Sicalíptica

La vieja, mis valedores. ¿Me atreveré a informar a ustedes de  mi tragedia personal, con el peligro de que la califiquen de cínica  y a mí de desvergonzado? Porque se trata, ni menos ni más, de mi vieja,  a la que esa noche intenté usarla cuando ya ni ella ni yo estamos para tales excesos.  Yo ya me había aquerenciado con la joven recién llegada, y cuando ella me falló me vi precisado a acudir a la vieja, pero ni los manoseos preliminares la hacían entrar en calor. Seca, reseca, sin gota de lubricación, que al tentalearla percibía sus articulaciones reumáticas, fuera de uso. “Anímate, viejita, tú puedes”. Y dale con las dos manos, e inténtalo con los dedos, pero ella, nada, que ya a estas alturas de su vida se me ha vuelto insensible a cualquier incitación, así las yemas de mis dedos toquetearan sus puntos sensibles, ahora muertos del todo.  Y ni cómo revivir un cadáver. (No que más antes, ella y yo, vibrando al unísono…)

Insensible, sí, pero no por su culpa, sino de quien por la recién llegada la abandoné durante años. Si la hubiese estimulado de vez en cuando tan sólo por que no se marchitase del todo hoy, tal como cuando éramos jóvenes), podría dar de sí; no que ahora me estaba dando de no. Y qué hacer, sino recurrir (pena me da confesarlo) al ejercicio manual…

Esa noche, para empezar, me la acerqué al pecho, la sobé con mis dos manos, y qué respuesta frustrante. Ella reseca, impaciente yo; ella insensible, yo con los entusiasmos que de tan ruda manera se me iban enfriando. Pero yo soy tenaz y andaba necesitado, y qué más hacer, sino echar mano de la técnica manual. A mis años.  Muy animoso comencé, pero no, que al esfuerzo me fui desinflando…

Fracaso total. Ni con la vieja ni a lo solitario, y ahí el dilema: ¿renunciar al intento, cuando las excitantes imágenes me acalambraban la mente? Hice a un lado a la estéril y dejé en paz mi mano.   Qué desaliento, qué sentimiento de frustración ante el acto fallido mientras que en la penumbra del íntimo recinto de mis escarceos permanecía  en silencio, respirando gordo, pensando, nomás pensando.

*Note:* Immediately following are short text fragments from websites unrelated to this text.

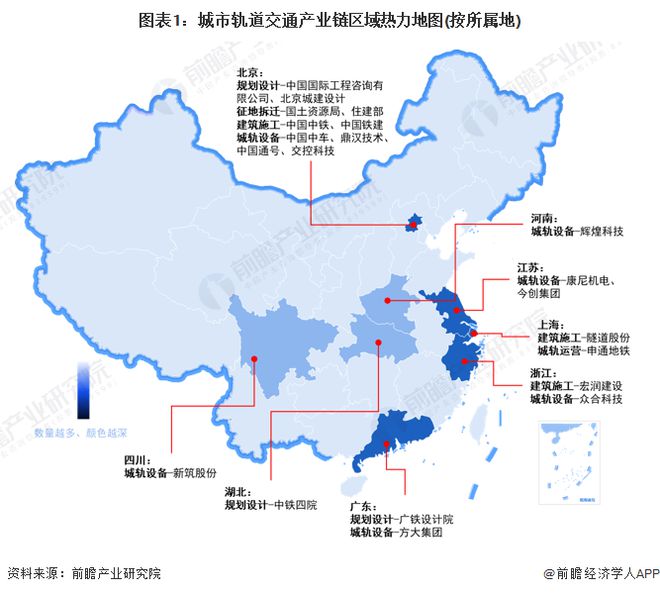 2024年中国城市轨道交通行业区域分布分析上海和北京处于全国领先地位【组图】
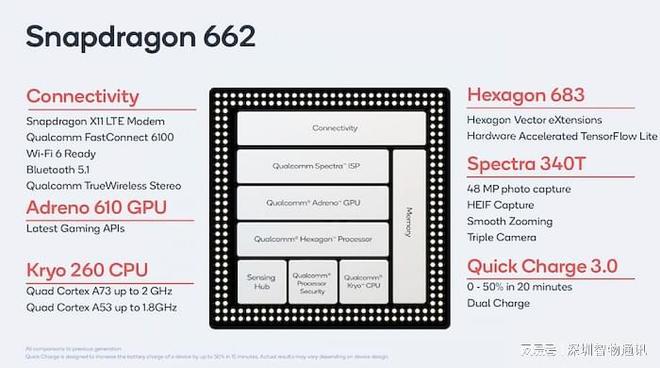 Pg电子平台：高通骁龙662_SM6115_高通核心板模块定制开发方案(图2)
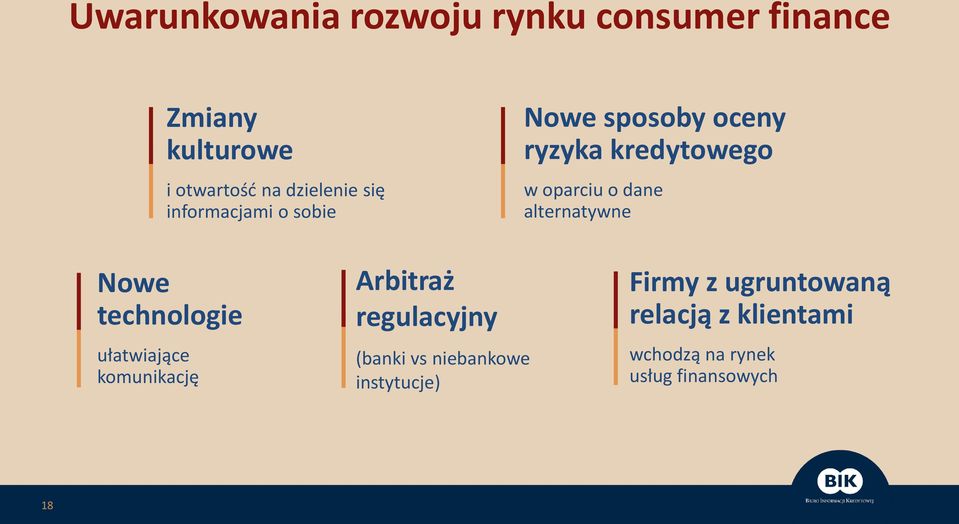 alternatywne Nowe technologie ułatwiające komunikację Arbitraż regulacyjny (banki vs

Tengo una amiga ducha en estos menesteres; ¿la llamaría por teléfono? Ella, a punto ya de meterse en su cama,  qué podía hacer. Tengo también un amigo, ¿pero llegar al extremo de molestar a un varón? En el trance en el que me encuentro nadie ni nada, que no sea mi mano… Patético. Y qué hacer…

Cuánto se ha deteriorado mi vieja máquina de escribir,  que adquirí de segunda mano allá por la década de los 60s y que como buena cumplidora acopió miles de mis artículos desde que yo colaboraba en periódicos y revistas. Quise escribir a mano y tomé el bolígrafo, pero no, que la joven computadora de Bill Gates, a la ley del menor esfuerzo, me ha tornado un acomodaticio.

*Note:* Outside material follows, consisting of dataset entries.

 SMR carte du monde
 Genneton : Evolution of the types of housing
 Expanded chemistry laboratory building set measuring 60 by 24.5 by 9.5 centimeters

Sin luz, inmovilizado, me puse a reflexionar: ¿en qué país civilizado dejarían las autoridades toda una colonia inutilizada por falta de  energía eléctrica el tanto de seis larguísimas horas?  Fue así y a la viva fuerza como vine a descubrir mi inutilidad para escribir a mano por lo mucho que se ha deteriorado mi vieja máquina de escribir, que el tanto de dos, tres décadas, me acompañó en el oficio de escritor de ensayo, relato, teatro y novelas. Cuánto dependo de la computadora, hasta la media tarde engarrotada por carencia de luz, y aquí mi exigencia:

¡Lozano, con un canaco, convénzase: la Federal de Electricidad vale Tula (Tula es mi madre)! Regréseme de inmediato el Mexicano de Electricistas.  (Ah, mi candor. Lástima.)